L’étonnement dédaigneux qu’exprimait cette question me rendit un peu d’énergie. — Quand vous m’avez interrogée, mon frère, je ne vous ai dit que la vérité. Toute la vérité, je ne vous l’ai pas dite. Jamais Hugh Wyndham, jusqu’à ces derniers jours, n’avait cherché à me plaire; mais je l’aimais, moi, dès ce temps-là même où il s’engageait à une autre... La vérité, vous la voulez, la voilà... Maintenant, Godfrey, si la honte pouvait tuer, je tomberais morte à vos pieds!

Je me sentais en effet comme écrasée, et c’est à peine si j’entendis mon frère s’écrier avec une irritation concentrée : — A merveille! ces Wyndham font des femmes tout ce qu’ils veulent...

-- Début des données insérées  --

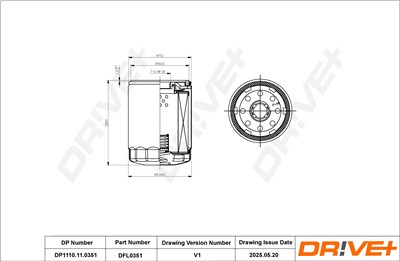 Dr!ve+ DP1110.11.0351 Číslo výrobce: DFL0351. EAN: 5907714199479.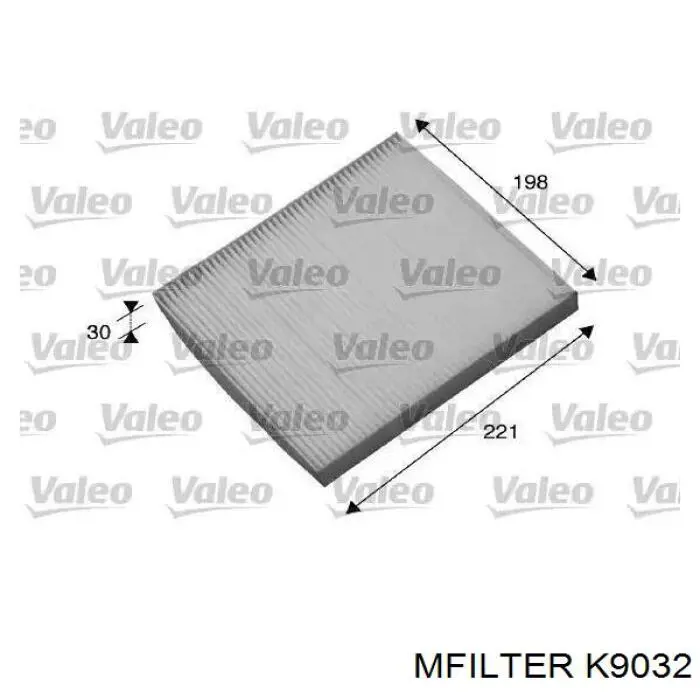 Фильтр салона K9032 Mfilter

L’instant d’après cependant, comprenant quelle humiliation il venait d’infliger à un orgueil qu’il savait égal au sien, il vint à moi, me souleva du siège où je restais à peu près évanouie, et m’étreignant sur sa poitrine comme pour renouer le lien fraternel : — Il y a un abîme entre vous et cet homme, me dit-il à voix basse... J’ai eu tort de ne pas tout vous dire... Je suis responsable de ce qui s’est passé... Il ne s’agit plus de savoir, reprit-il avec effort, si vous voulez ou non épouser Hugh Wyndham, mais si, en le supposant tel que Christine et vous l’avez jugé, ce jeune homme pourra songer, ne fût-ce qu’une minute, à épouser ma sœur.

— Votre sœur? interrompit Christine.

— Oui, la sœur d’un homme qui, en ce moment même, poursuit son frère comme assassin.

A ces terribles paroles, Christine ne put retenir un cri d’effroi. Pour moi, une silencieuse horreur m’envahit; je venais, en un clin d’œil, de tout comprendre : ce séjour dans le Cheshire, prolongé au-delà de tout calcul, ce retour sans cesse annoncé, sans cesse remis, ce silence obstiné gardé vis-à-vis de moi.

— J’ai eu tort, répétait-il... Je devais vous avertir que j’étais de nouveau sur la trace du crime; mais j’avais tant à faire,... de vous je prévoyais tant d’objections...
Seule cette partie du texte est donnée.